==== PROVIDED RECORDS
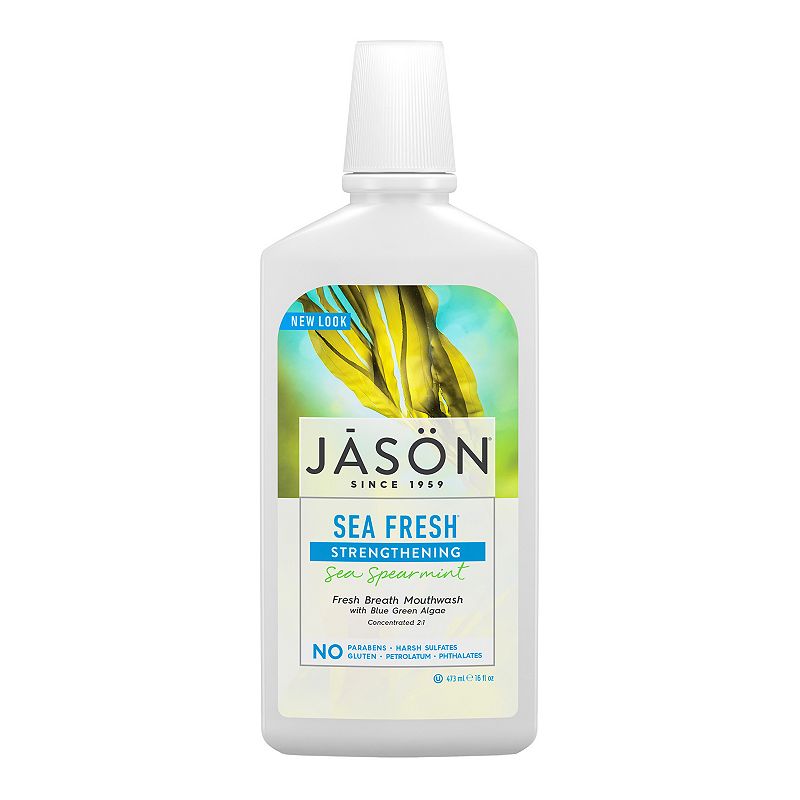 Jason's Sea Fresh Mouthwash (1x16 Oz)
========
==== PROVIDED RECORDS
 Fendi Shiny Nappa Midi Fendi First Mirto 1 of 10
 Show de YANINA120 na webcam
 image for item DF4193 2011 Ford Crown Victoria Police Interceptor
========
==== PROVIDED RECORDS
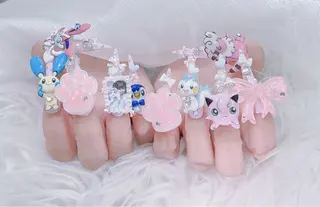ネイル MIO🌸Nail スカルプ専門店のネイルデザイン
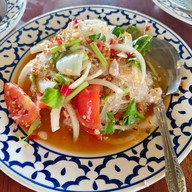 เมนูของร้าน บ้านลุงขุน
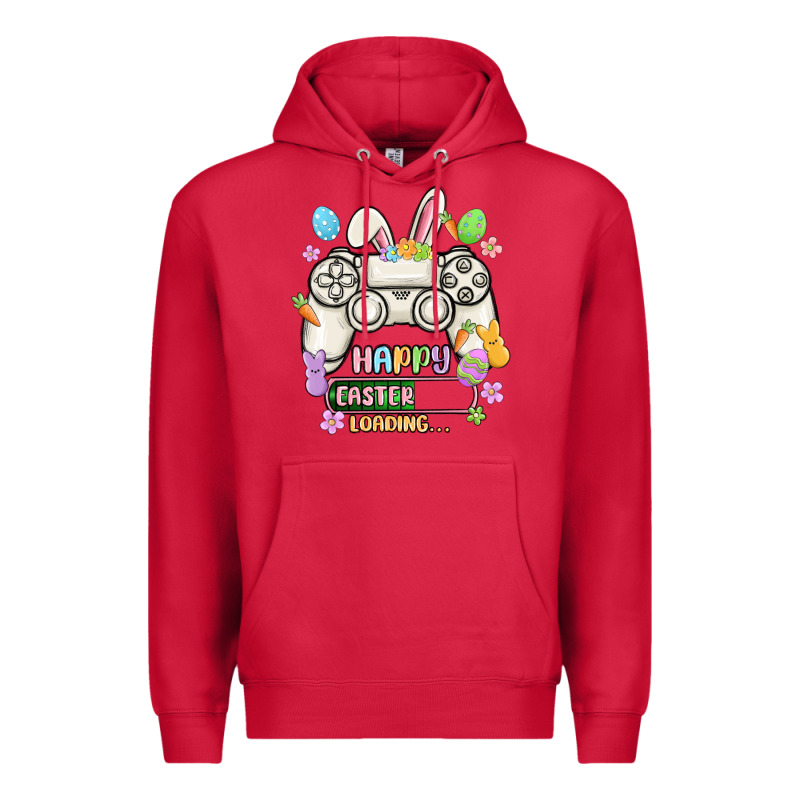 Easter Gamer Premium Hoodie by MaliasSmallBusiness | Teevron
========
- _TO DO_
In the data above, take the line with "ネイル MIO🌸Nail スカルプ専門店のネイルデザイン", the line with "Easter Gamer Premium", and every line between, and set them down exactly without pictures.

- _RESULT BELOW_
ネイル MIO🌸Nail スカルプ専門店のネイルデザイン
 เมนูของร้าน บ้านลุงขุน
 Easter Gamer Premium Hoodie by MaliasSmallBusiness | Teevron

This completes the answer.